» **Your assignment**
The pictures get dropped, while every remaining part of the listing is copied exactly.

» **Provided data**
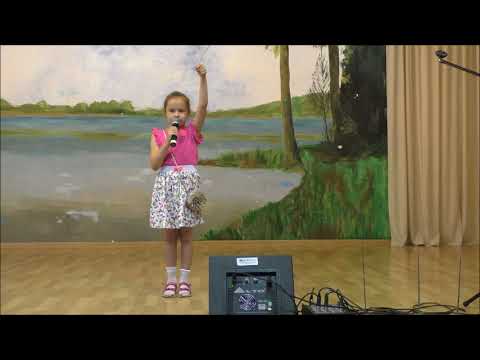 Amelia Gałaś - "Maszeruje wiosna"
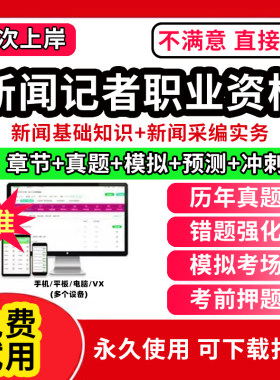 2026新闻记者资格考试新闻基础知识采编实务题库 笔试资料试卷编辑记者资格网课视频软件历年真题考前押题刷题APP综合知识基础知识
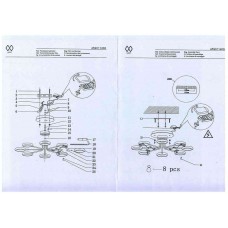 459011408 Ивонна 48W LED 220 V люстра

» **Result for this task**
 Amelia Gałaś - "Maszeruje wiosna"
 2026新闻记者资格考试新闻基础知识采编实务题库 笔试资料试卷编辑记者资格网课视频软件历年真题考前押题刷题APP综合知识基础知识
 459011408 Ивонна 48W LED 220 V люстра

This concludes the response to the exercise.